Samenvatting Mediation
Leerdoelen van het vak mediation:
1) kennis van verschillende theoretische aspecten van mediation als vorm van bemiddeling
in conflicten, in het bijzonder:
1. Beginselen en kenmerken van mediation
2. Juridische aspecten van mediation
3. Verschillende mediationbenaderingen
4. Het mediationproces
2) kennis van de verschillende toepassingen van mediation, in het bijzonder maar niet
uitsluitend in het familie- en arbeidsrecht;
3) kennis van het belang van verwijzen en de manier waarop wordt verwezen naar
mediation
4) kennis van de manier waarop mediation in Nederland is georganiseerd en
gestructureerd
5) kennis van de plaats die mediation inneemt in de maatschappij
6) inzicht in de manier waarop conflicten ontstaan, escaleren, en transformeren tot
(juridisch) geschil
7) inzicht in de invloed van een neutrale derde op mogelijke de-escalatie van een conflict
8) Men heeft actief kennis gemaakt met verschillende mediationvaardigheden en kan deze
toepassen
9) Men heeft actief kennis gemaakt met onderhandelingstechnieken volgens de Harvard
methode en kan hij deze toepassen.
Kern van mediation: Ten minste twee personen en/of instanties zoeken een oplossing voor
een gezamenlijk probleem, maar het lukt hen niet die te vinden, hoewel het op het oog een
oplosbaar probleem is. Dan schuift er een neutrale derde zonder beslissingsmacht aan. Door
diens bemoeienis wordt de kans dat het de betrokkenen lukt om het probleem wel op te
lossen, groter. Die neutrale derde zonder beslissingsmacht is de mediator, datgene wat hij
doet is mediation.
Week 1 Introductie (Dick Allewijn)
Hoorcollege 1
Dick Allewijn is de eerste bijzonder hoogleraar mediation in Nederland
Er zijn 7 hoorcolleges:
1) Introductie
2) Arbeid (gastcollege Tabita)
3) Scheiding en omgang (gastcollege Petra)

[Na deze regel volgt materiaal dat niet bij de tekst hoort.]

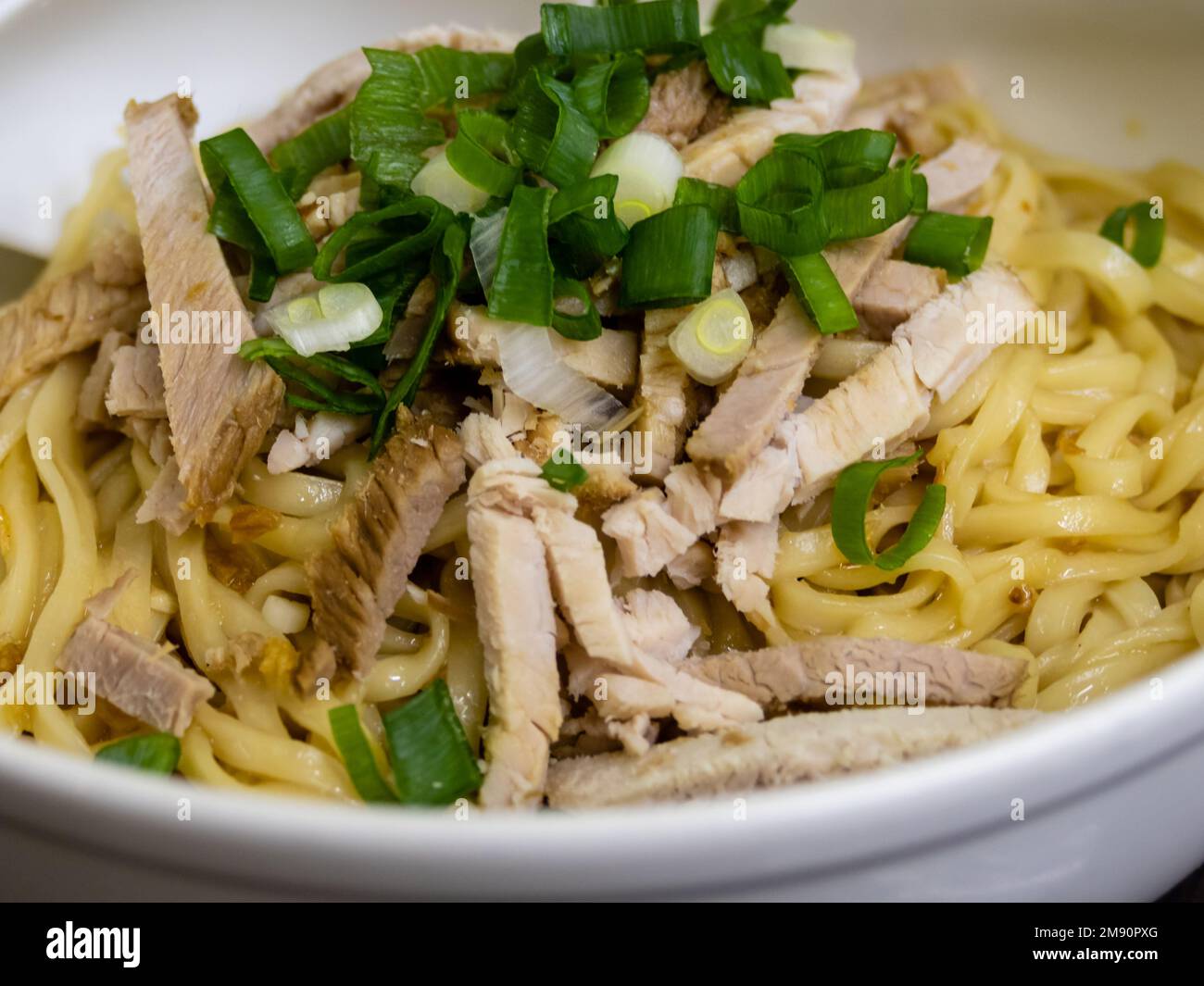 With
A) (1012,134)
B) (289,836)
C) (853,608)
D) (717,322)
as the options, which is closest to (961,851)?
(853,608)

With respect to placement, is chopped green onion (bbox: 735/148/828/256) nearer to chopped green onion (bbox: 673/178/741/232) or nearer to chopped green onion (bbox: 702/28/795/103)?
chopped green onion (bbox: 673/178/741/232)

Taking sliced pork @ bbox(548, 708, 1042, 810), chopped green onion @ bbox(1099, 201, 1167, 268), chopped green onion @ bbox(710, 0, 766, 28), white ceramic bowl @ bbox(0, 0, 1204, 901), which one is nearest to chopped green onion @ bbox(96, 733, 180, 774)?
white ceramic bowl @ bbox(0, 0, 1204, 901)

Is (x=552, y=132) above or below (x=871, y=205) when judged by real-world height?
above

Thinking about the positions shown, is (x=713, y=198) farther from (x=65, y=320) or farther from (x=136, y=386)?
(x=65, y=320)

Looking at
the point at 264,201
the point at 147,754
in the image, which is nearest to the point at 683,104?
the point at 264,201

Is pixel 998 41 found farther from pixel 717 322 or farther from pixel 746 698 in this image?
pixel 746 698

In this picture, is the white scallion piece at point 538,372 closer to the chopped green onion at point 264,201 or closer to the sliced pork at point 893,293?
the chopped green onion at point 264,201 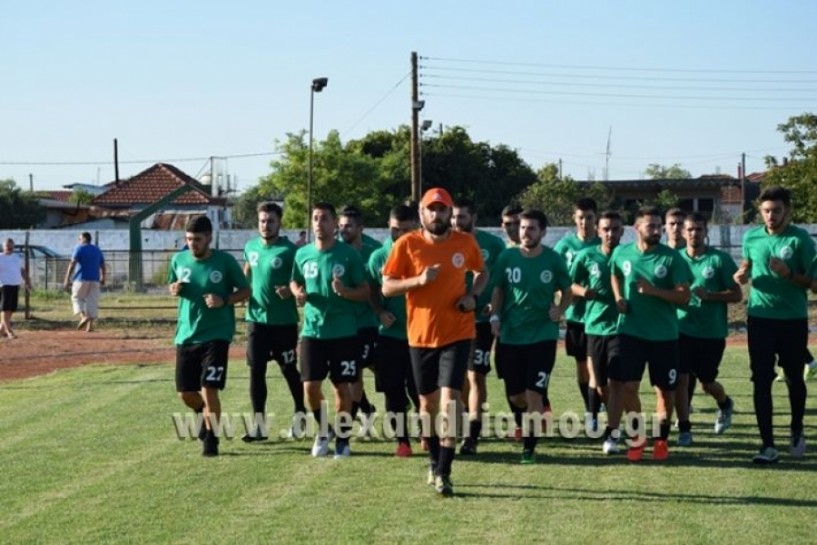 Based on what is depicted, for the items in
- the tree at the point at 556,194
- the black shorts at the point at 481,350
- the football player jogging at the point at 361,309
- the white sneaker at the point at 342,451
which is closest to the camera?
the white sneaker at the point at 342,451

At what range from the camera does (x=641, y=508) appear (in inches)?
325

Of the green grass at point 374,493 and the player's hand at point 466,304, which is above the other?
the player's hand at point 466,304

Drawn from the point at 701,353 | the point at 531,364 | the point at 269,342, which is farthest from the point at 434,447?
the point at 701,353

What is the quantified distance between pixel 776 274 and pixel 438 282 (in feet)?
9.65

4) Instituties (gastcollege)
5) De vele gezichten van mediation: mediation wordt op verschillende manieren gedaan,
hoe komt dat en wat is daar de redenering achter?

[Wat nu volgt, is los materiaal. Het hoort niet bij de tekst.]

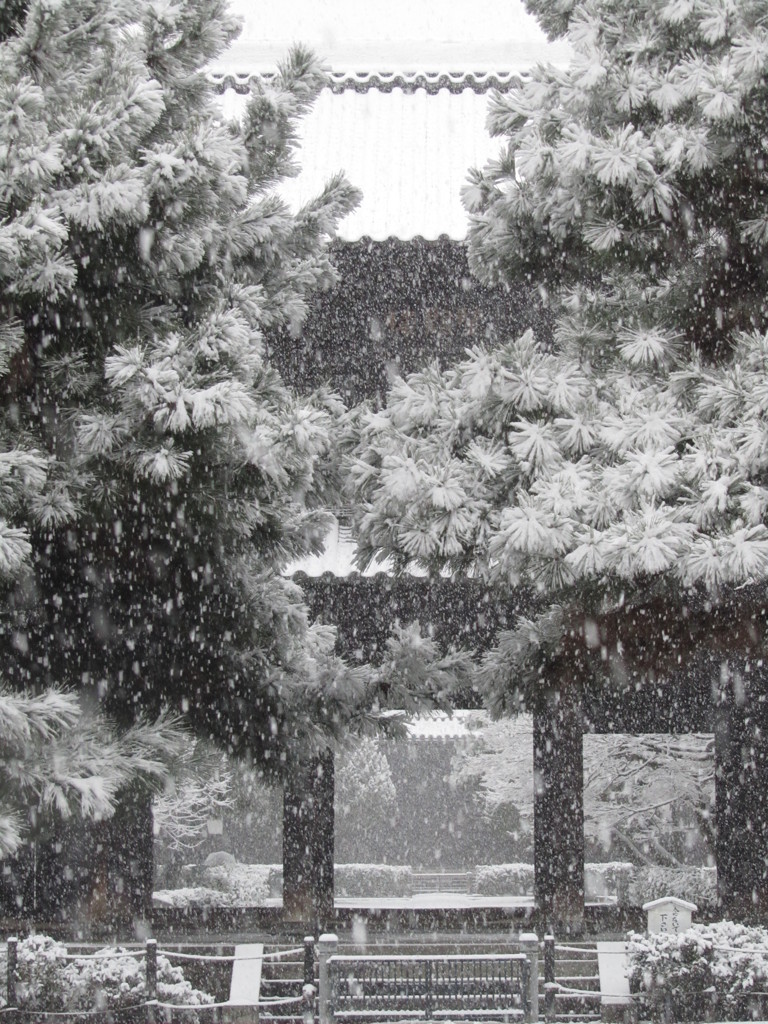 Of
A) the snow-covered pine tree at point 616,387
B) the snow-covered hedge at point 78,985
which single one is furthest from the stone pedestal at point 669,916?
the snow-covered pine tree at point 616,387

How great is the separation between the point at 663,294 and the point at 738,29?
102 centimetres

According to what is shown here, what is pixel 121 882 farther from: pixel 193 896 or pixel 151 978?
pixel 193 896

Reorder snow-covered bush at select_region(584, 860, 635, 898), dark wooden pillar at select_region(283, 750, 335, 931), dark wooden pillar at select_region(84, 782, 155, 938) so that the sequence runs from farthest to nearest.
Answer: snow-covered bush at select_region(584, 860, 635, 898), dark wooden pillar at select_region(84, 782, 155, 938), dark wooden pillar at select_region(283, 750, 335, 931)

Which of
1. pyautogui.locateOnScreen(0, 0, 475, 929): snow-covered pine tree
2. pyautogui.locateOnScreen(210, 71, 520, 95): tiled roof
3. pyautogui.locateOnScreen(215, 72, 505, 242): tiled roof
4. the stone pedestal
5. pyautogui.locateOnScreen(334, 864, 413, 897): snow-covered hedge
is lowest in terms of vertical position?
pyautogui.locateOnScreen(334, 864, 413, 897): snow-covered hedge

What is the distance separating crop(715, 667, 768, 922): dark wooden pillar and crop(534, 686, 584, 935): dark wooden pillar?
1160 millimetres

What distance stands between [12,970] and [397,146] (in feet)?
22.3

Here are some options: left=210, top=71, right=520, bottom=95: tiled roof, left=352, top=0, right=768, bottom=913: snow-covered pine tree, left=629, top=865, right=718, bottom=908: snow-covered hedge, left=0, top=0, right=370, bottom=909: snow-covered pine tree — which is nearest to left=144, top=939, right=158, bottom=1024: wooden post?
left=0, top=0, right=370, bottom=909: snow-covered pine tree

6) Mediation in de responsieve rechtsstaat: dit gaat over de manier waarop mediation het
werkveld/ de juristerij veranderd heeft. De rechtsstaat is aan het veranderen, in de manier
waarop de instituties van de rechtsstaat met mensen omgaan volstaat niet meer alleen een
juridische omgang en een verwijzing naar regels. Er wordt meer verwacht, namelijk
daadwerkelijke legitimatie van de instituties. Er wordt niet alleen verwacht dat zij
,rechtmatige oplossingen aanreiken, maar ook dat zij rechtvaardige oplossingen aanreiken
(althans die zo worden beleefd). Mediation in geschillen met de overheid komen dan ook
aan bod. Onder meer mediation als middel voor de overheid om draagkracht te vinden voor
collectieve besluitvorming.
7) De jurist van de toekomst: tegenwoordig zijn andere skills nodig om een succesvolle jurist
in de maatschappij te zijn. Het gaat dan vooral over softskills en reflectieve eigenschappen.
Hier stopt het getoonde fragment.